Stored dataset items

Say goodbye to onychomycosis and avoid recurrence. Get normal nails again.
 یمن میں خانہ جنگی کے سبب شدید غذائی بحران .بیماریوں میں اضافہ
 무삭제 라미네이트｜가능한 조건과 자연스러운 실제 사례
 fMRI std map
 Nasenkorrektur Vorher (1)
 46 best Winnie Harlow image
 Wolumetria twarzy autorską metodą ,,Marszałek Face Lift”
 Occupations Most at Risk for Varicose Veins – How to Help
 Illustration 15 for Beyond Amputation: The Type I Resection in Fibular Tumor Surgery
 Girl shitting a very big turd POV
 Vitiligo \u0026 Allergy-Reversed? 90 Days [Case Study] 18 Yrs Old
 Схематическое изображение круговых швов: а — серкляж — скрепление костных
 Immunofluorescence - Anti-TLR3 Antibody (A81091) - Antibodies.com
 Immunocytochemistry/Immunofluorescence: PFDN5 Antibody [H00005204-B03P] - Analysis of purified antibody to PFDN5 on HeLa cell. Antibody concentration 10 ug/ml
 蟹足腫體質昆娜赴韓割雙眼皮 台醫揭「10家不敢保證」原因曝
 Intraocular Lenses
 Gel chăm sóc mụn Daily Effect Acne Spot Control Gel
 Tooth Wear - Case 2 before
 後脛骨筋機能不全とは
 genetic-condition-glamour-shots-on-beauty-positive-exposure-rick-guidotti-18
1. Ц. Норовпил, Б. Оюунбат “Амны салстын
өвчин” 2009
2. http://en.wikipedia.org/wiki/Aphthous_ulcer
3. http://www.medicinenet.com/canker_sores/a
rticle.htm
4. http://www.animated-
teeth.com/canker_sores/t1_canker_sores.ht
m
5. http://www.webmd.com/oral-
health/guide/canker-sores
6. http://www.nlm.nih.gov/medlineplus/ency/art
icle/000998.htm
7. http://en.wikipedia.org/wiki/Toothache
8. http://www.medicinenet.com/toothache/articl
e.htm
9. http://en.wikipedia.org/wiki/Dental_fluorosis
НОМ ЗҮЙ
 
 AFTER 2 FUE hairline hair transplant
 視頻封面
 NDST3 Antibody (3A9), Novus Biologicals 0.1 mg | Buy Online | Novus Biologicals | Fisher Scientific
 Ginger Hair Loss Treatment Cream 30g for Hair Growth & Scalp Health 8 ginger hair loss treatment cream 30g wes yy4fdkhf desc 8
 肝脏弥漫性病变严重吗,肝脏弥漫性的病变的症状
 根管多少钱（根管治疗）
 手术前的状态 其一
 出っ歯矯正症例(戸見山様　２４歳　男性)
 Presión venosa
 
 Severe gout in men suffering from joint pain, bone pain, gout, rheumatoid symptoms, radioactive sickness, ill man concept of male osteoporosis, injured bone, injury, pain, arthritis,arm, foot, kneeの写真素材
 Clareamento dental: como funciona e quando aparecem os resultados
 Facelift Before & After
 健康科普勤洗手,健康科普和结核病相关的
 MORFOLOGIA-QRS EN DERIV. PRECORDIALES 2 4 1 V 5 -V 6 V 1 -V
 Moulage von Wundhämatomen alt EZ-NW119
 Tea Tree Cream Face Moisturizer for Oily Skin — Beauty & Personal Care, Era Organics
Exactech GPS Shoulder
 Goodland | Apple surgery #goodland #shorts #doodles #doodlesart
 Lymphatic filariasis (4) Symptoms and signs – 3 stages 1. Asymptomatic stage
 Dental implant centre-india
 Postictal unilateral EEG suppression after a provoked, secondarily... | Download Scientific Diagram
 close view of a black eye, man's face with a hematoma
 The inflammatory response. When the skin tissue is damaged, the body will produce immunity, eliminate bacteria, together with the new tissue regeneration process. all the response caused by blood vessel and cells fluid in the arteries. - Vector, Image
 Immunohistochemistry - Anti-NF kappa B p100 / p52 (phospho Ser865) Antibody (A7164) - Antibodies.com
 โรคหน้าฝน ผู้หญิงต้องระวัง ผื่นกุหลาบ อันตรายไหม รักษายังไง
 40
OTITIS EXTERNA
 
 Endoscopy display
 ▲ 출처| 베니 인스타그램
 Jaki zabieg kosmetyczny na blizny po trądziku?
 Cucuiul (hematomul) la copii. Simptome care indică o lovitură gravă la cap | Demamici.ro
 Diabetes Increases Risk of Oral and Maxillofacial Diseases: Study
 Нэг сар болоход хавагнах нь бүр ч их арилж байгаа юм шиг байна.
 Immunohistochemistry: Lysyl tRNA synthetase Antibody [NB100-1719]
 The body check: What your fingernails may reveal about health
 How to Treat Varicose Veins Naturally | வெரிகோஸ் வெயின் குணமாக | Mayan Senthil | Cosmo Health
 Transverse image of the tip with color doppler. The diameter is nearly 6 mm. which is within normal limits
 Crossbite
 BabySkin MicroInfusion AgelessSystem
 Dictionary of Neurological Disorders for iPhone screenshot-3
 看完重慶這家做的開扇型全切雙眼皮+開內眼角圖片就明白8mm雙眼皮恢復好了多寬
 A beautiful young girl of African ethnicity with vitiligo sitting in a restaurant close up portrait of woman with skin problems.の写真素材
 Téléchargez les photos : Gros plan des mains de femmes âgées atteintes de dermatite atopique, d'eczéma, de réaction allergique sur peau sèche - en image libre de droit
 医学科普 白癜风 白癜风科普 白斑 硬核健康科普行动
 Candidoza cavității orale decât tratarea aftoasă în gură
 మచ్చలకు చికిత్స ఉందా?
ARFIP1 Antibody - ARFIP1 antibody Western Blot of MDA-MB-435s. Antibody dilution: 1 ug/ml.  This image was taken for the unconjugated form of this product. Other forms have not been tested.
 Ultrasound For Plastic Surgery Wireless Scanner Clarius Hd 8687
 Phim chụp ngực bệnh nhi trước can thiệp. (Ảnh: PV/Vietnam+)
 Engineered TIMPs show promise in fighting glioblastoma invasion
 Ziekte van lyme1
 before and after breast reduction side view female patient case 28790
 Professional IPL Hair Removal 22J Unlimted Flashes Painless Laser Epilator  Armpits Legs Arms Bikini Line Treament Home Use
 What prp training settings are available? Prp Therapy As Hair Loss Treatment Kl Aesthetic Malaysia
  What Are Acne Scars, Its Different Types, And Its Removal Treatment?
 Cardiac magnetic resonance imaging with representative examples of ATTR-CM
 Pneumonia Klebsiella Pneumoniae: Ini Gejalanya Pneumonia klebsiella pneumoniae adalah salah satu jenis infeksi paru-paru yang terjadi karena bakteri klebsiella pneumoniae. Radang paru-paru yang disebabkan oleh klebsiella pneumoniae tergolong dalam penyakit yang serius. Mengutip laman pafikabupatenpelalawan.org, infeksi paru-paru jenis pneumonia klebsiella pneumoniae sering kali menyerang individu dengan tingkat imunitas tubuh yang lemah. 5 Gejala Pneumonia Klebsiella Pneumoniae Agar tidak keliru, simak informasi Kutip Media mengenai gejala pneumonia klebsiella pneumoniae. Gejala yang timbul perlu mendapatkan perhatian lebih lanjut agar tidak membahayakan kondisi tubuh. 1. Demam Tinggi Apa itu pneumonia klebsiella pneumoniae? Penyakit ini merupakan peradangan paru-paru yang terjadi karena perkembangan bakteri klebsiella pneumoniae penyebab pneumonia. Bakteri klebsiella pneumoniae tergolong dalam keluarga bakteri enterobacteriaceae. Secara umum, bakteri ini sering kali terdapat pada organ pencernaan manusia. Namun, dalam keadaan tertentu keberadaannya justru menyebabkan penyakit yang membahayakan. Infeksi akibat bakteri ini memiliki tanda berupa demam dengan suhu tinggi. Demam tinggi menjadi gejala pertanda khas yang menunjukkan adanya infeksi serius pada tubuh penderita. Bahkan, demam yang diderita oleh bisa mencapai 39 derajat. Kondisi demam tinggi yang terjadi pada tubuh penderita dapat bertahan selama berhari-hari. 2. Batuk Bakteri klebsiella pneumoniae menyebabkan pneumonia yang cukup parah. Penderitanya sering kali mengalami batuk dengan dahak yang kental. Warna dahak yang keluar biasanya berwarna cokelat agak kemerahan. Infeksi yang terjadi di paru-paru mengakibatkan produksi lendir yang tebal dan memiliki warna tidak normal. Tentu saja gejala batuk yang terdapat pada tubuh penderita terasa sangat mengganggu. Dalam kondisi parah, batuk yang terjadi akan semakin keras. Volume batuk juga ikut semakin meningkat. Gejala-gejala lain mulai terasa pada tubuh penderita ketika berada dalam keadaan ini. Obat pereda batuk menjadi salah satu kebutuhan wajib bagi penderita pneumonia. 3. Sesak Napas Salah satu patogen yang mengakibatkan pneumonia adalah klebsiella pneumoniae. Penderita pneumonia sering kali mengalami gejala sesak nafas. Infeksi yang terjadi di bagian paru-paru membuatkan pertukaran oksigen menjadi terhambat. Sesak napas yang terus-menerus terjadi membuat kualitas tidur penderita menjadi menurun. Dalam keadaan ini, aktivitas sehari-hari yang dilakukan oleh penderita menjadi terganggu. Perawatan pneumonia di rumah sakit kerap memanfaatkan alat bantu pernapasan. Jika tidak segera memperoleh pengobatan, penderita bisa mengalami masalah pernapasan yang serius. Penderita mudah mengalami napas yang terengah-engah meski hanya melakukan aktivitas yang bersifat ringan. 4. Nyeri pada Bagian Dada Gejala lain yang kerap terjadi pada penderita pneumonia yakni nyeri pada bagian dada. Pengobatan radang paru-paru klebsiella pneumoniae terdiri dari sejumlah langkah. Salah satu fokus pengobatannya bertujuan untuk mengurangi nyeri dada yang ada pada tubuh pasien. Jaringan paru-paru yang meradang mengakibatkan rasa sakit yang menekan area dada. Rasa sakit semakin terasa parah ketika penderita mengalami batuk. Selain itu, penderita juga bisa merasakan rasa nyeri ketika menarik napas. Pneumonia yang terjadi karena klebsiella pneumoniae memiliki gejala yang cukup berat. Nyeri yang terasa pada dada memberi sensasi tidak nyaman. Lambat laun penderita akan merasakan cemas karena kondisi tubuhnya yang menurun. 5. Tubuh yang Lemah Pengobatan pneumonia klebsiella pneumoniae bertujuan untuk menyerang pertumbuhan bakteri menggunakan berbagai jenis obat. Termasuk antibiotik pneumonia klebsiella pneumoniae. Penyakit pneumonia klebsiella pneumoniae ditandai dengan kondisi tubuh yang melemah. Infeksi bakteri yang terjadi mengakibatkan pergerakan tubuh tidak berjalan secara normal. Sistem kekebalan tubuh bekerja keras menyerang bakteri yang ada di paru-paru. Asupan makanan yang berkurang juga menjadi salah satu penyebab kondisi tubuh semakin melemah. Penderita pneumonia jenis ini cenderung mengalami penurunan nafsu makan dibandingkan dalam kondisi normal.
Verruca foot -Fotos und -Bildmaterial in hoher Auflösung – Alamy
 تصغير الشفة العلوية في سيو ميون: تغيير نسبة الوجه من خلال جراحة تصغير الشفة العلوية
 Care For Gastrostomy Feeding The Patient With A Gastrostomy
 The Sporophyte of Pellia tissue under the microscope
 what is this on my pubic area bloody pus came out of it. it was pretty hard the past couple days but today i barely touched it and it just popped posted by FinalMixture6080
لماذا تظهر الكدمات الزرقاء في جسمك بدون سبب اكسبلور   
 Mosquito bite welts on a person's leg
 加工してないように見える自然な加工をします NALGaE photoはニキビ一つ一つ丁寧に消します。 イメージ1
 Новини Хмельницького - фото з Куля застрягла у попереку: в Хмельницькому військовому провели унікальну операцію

What this task involves: The required output is the line containing "what is this" through the last line of the records above, each copied exactly and nothing more.

Response to this task:
 what is this on my pubic area bloody pus came out of it. it was pretty hard the past couple days but today i barely touched it and it just popped posted by FinalMixture6080
لماذا تظهر الكدمات الزرقاء في جسمك بدون سبب اكسبلور   
 Mosquito bite welts on a person's leg
 加工してないように見える自然な加工をします NALGaE photoはニキビ一つ一つ丁寧に消します。 イメージ1
 Новини Хмельницького - фото з Куля застрягла у попереку: в Хмельницькому військовому провели унікальну операцію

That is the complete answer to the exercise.